Maka bagi imam dan orang yang sepadan dengannya, sunnah memerintahkan kepada masyarakatnya supaya bertaubat; dan bagi mereka harus taat mengikuti perintahnya sebagaimana fatwa imam Nawawi.
Dan (sebenarnya) bertaubat dari dosa itu hukumnya wajib, baik mendapat perintah dari imam untuk bertaubat atau tidak.
Imam juga harus memerintahkan (kepada rakyat) untuk bersedekah dan keluar (menghentikan diri) dari berbagai perbuatan dzalim (durhaka) kepada sesama hamba (manusia).
Dan supaya berdamai (bersikap baik) terhadap musuh-musuhnya.
Dan berpuasa selama tiga hari sebelum (tibanya) hari ketentuan untuk keluar (rumah menuju tempat shalat). Jadi puasanya adalah 4 hari (termasuk hari keluar)

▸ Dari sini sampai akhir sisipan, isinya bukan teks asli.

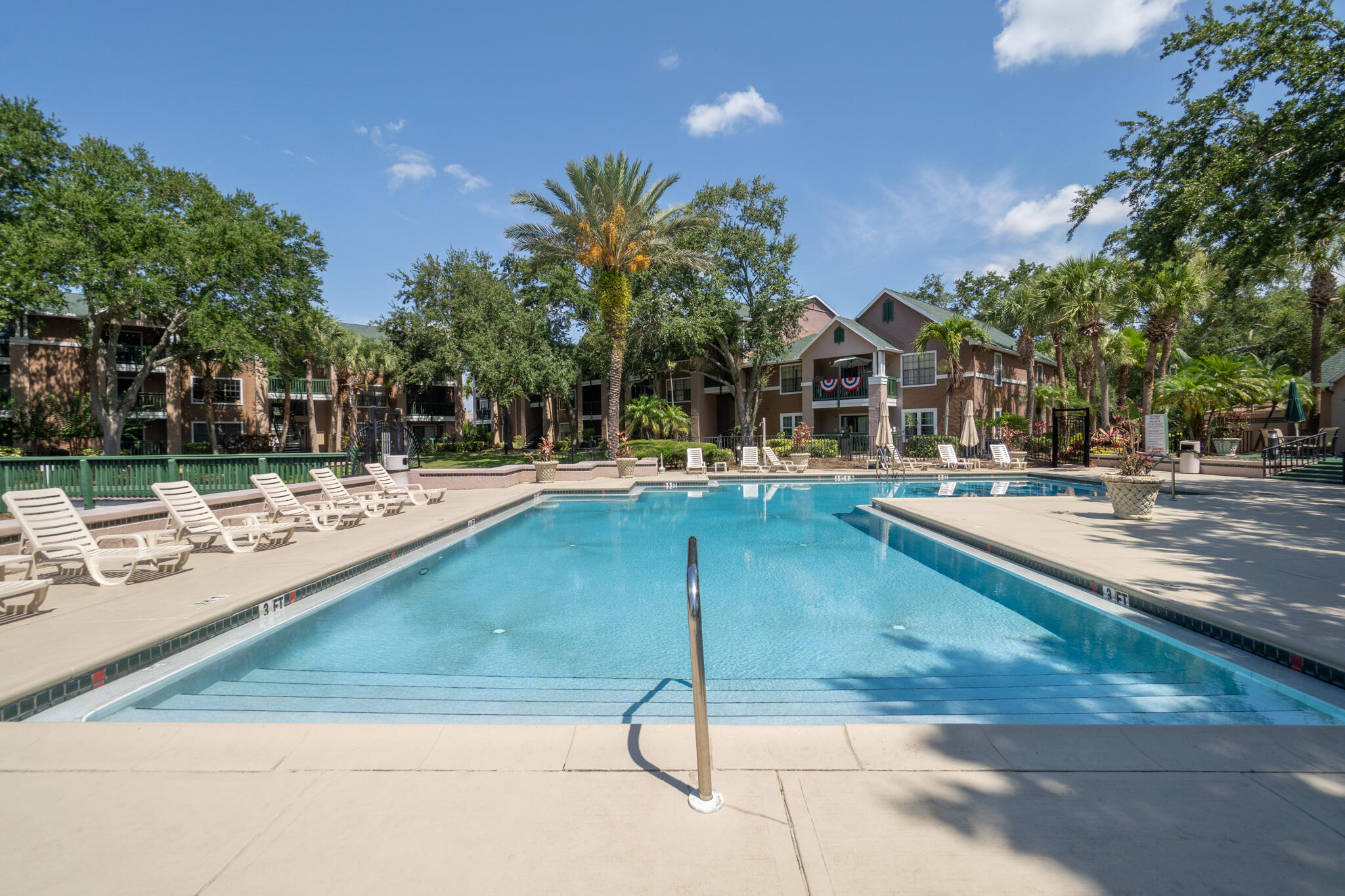 7667 North Wickham Road, Unit 511 Melbourne, FL 32940 - Photo 16 of 48 a view of a swimming pool with a patio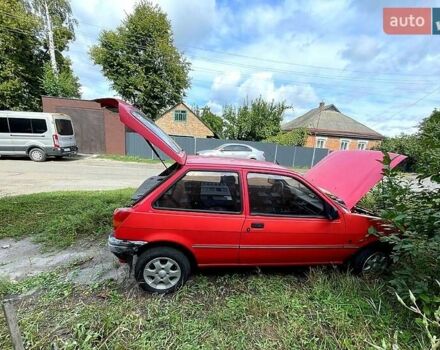 Красный Форд Фиеста, объемом двигателя 1.1 л и пробегом 210 тыс. км за 750 $, фото 2 на Automoto.ua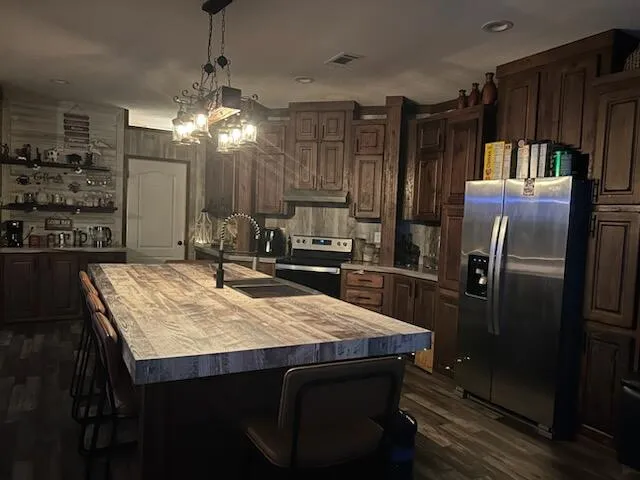 a bedroom with two beds and a large window with outer view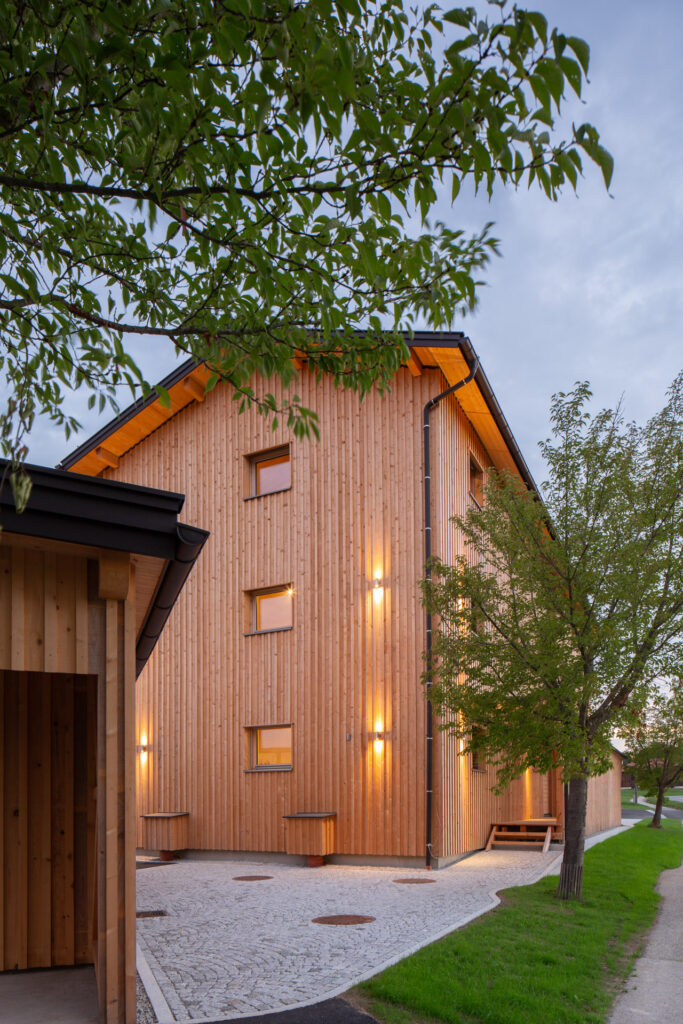 Ansicht des Holz Wohnbaus in der Dämmerung mit Fassadenbeleuchtung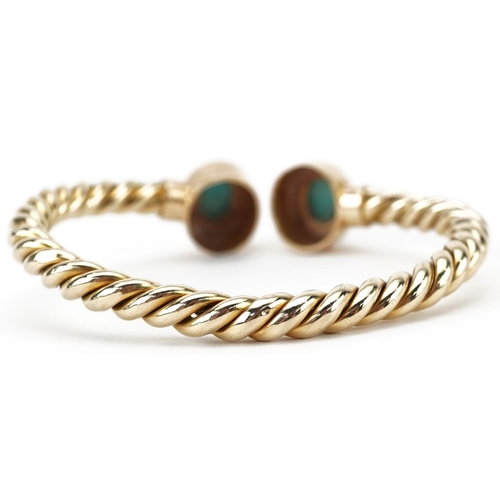 2056 - Unmarked gold rope twist and cabochon turquoise bangle, tests as 15ct gold, 6.5cm wide, 13.5g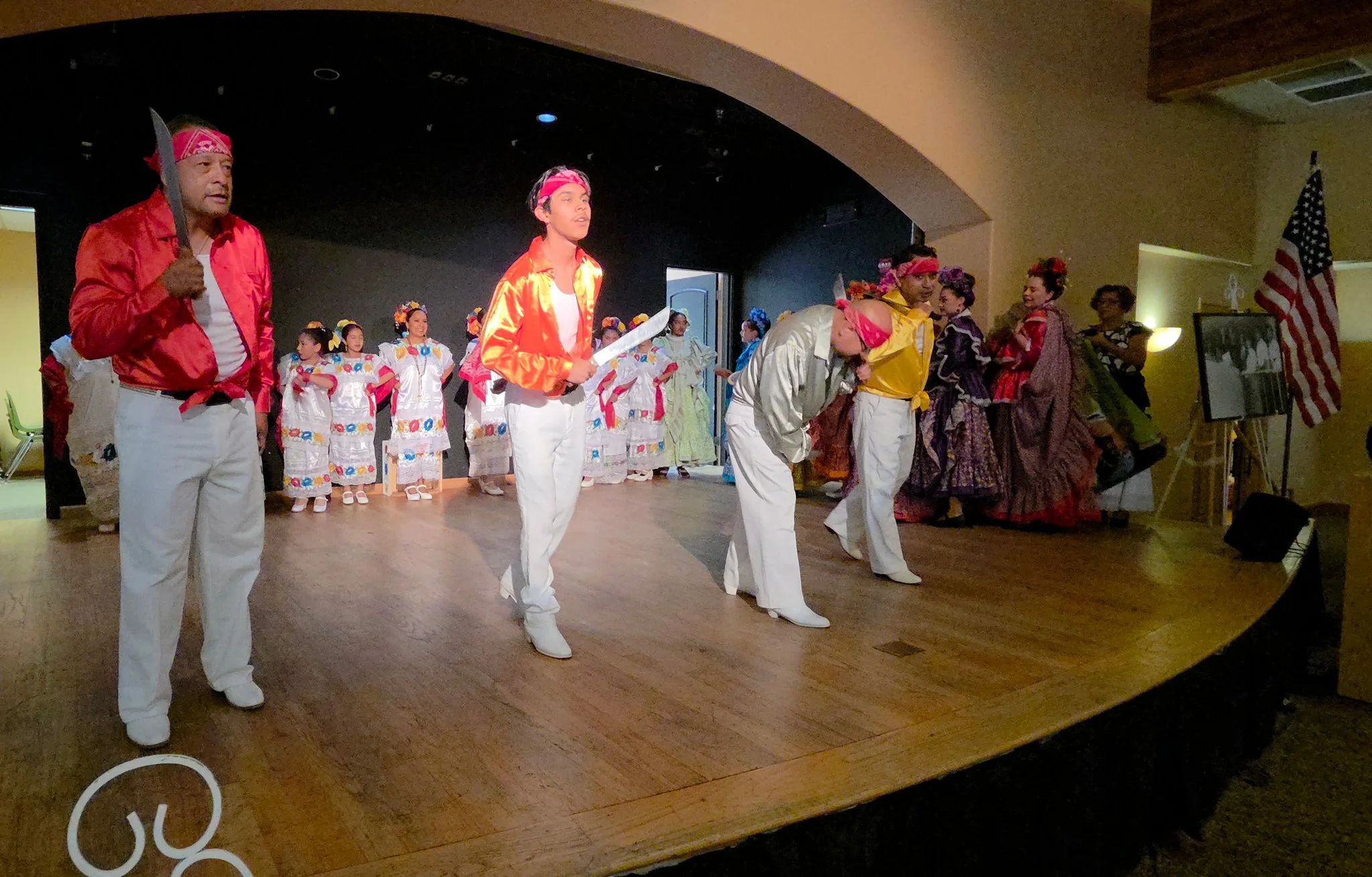 Group of people performing in a cultural dance on stage, dressed in traditional Mexican attire, with some women in colorful dresses and men in white pants and colorful shirts, and a Mexican flag in the background.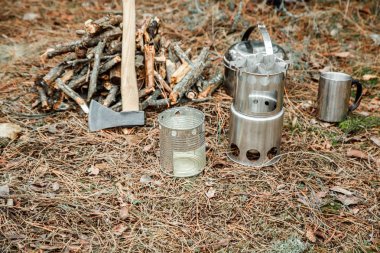 yakınındaki bir çeşidinde, mutfak eşyaları ve sırt çantası ve arka plan üzerinde kamp kamp woodstove axe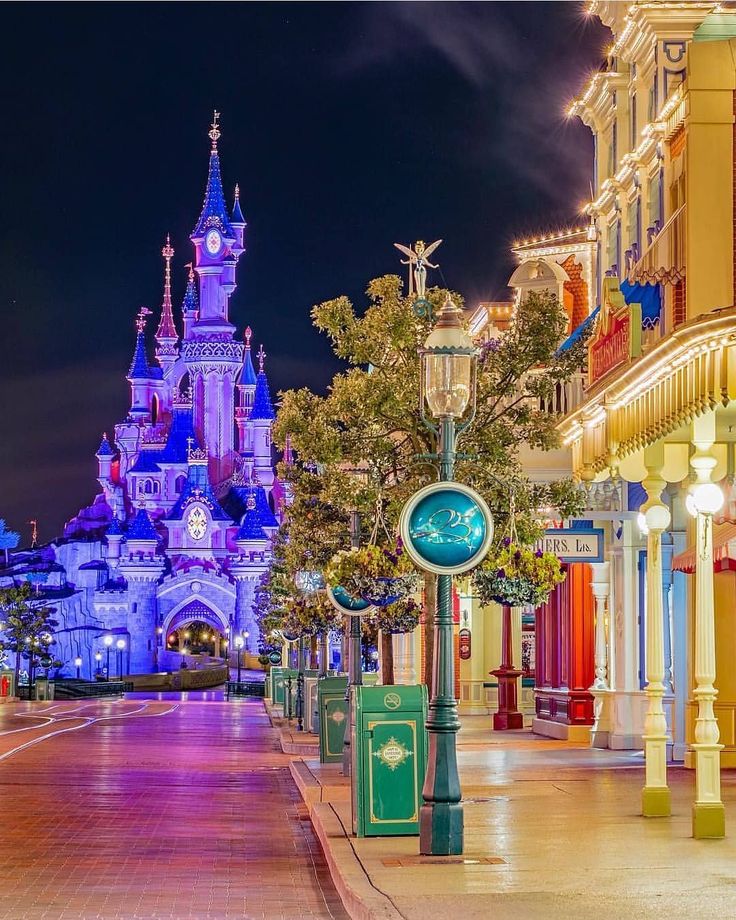 a street scene with focus on the castle and clock tower in the background at night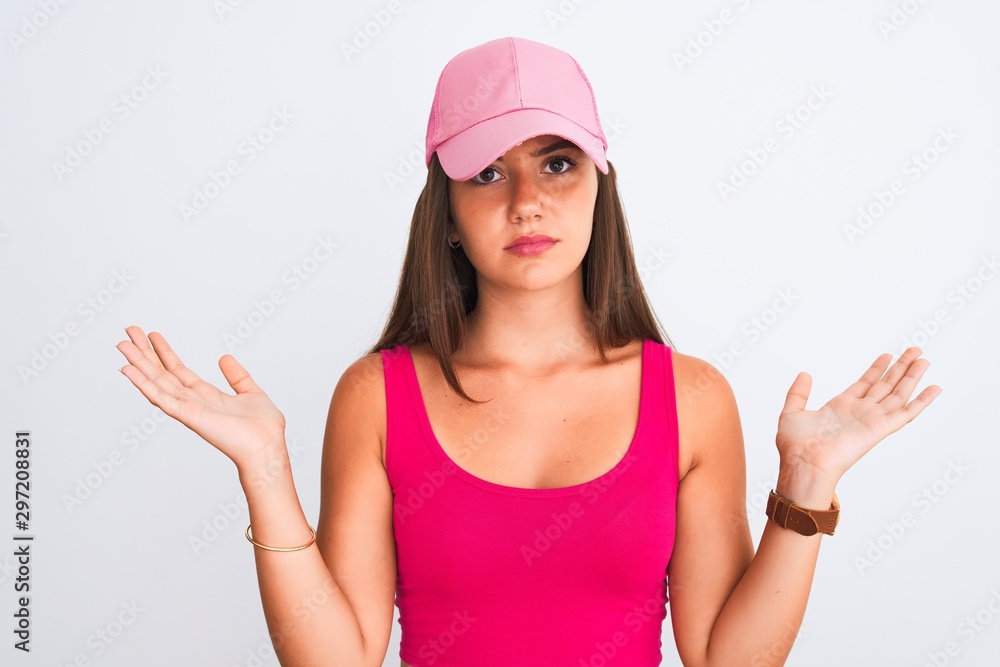 Young beautiful girl wearing pink casual t-shirt and cap over isolated white background clueless and confused expression with arms and hands raised. Doubt concept. Young beautiful girl wearing pink casual t-shirt and cap over isolated white background clueless and confused expression with arms and hands raised. Doubt concept.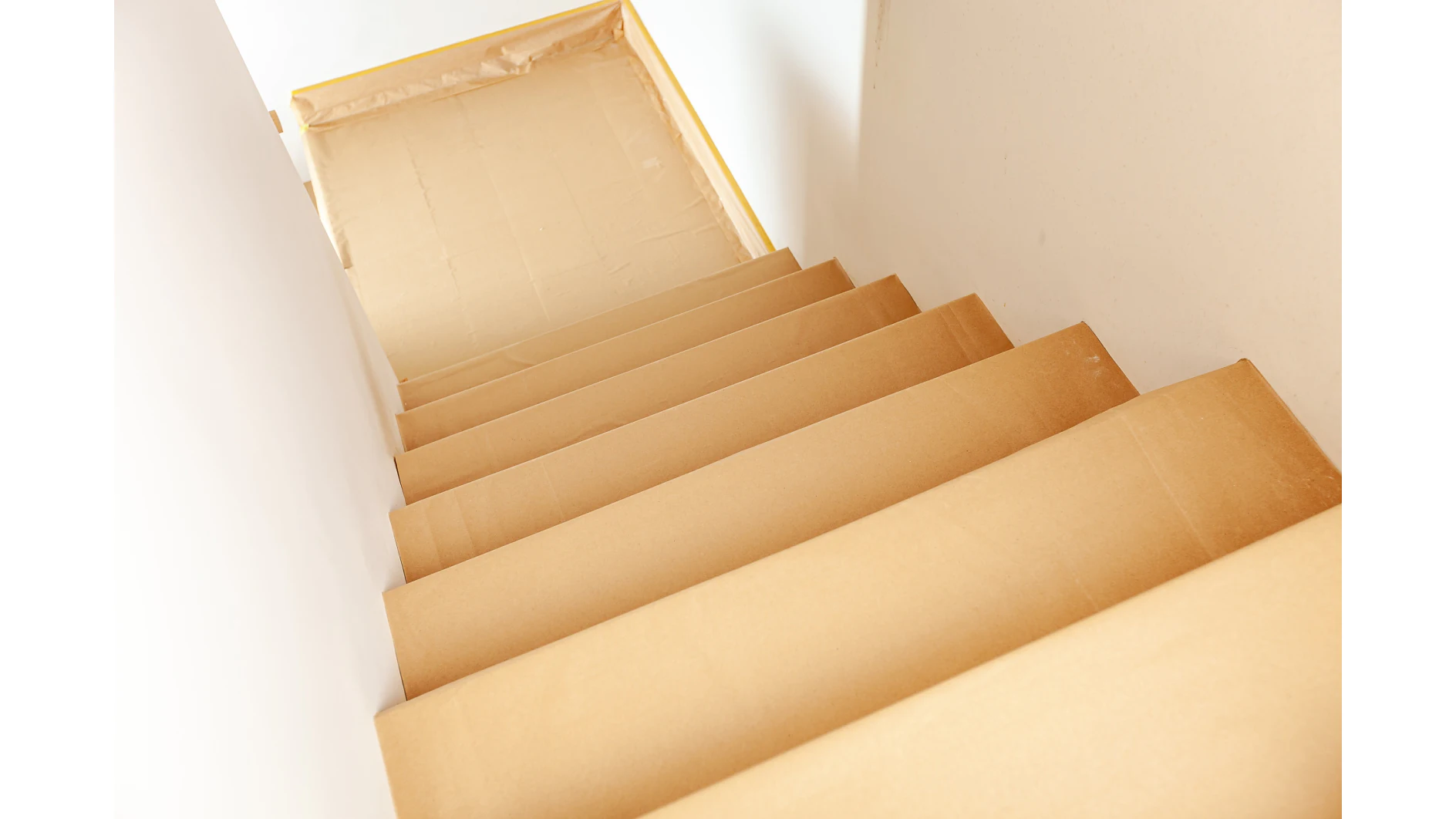 Uma escadaria coberta com folhas de papel protetor castanho, incluindo a zona de patamar no topo, sugerindo a preparação para trabalhos de pintura ou renovação. O papel está fixado com fita tesa. As paredes são brancas e não há objectos visíveis nas escadas. (This text has been generated by AI)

Kemudian pada hari yang keempat, imam beserta mereka (anggota jamaah) keluar dalam keadaan berpuasa, tidak memakai wangi-wangian dan tidak (pula) berdandan.
Tetapi mereka hendaknya menggunakan pakaian sehari-hari, yakni pakaian yang biasa dipakai waktu bekerja (baju gelangsaran, bhs jawa). Dan (pula) bersikap khusyu’, tunduk merendahkan diri dan merasa hina.
Hendaknya mereka keluar (pula) bersama sama anak-anak kecil, orang-orang yang sudah tua dan orang yang sudah sangat tua (sudah ringkih), dan (juga) bersama binatang piaraannya.
Imam atau penggantinya tadi bersama mereka (anggota jama’ah) melakukan shalat sebanyak dua rakaat.
Tata cara shalat istisqa
Tata cara shalat istisqa sama dengan shalat idul fitri dan adha.
Yaitu seperti membaca do’a Iftitah, membaca do’a Ta’awwudz dan bertakbir 7 kali pada rakaat yang pertama, dan bertakbir 5 kali pada rakaat yang kedua dengan mengangkat kedua tangannya.
Kemudian imam sunnah berkhuthbah sebanyak dua kali, seperti halnya dua khutbah idul fitri dan adha, dalam hal rukun rukun dan yang lainnya. Hanya saja imam beristighfar: dalam kedua khuthbahnya, sebagai ganti dari takbir yang terdapat pada permulaan dua khutbah dua Hari Raya.
Maka karena itu, imam memulai khuthbahnya yang pertama dengan membaca Istighfar sebanyak 9 kali, sedang khuthbah yang kedua (membaca Istighfar) sebanyak 7 kali.
Bentuk ungkapan Istighfar adalah : (sebagaimana tertera).
Artinya: “Aku memohon ampunan (atas segala dosa) kepada Allah yang Maha Agung, yang Tiada Tuhan yang berhak disembah melainkan Dia, yang Maha Hidup lagi Maha Berdiri sendiri. Dan kepadaNyalah aku bertaubat”.
Kedua khuthbah tadi (dilaksanakan) setelah shalat dua rakaat.
Dan seorang khatib memindahkan selendangnya, Yaitu menjadikan selendang bagian kanan ke (tempat) selindang bagian kiri, Dan bagian atas selindang dijadikan ke (tempat) bagian bawah selindang.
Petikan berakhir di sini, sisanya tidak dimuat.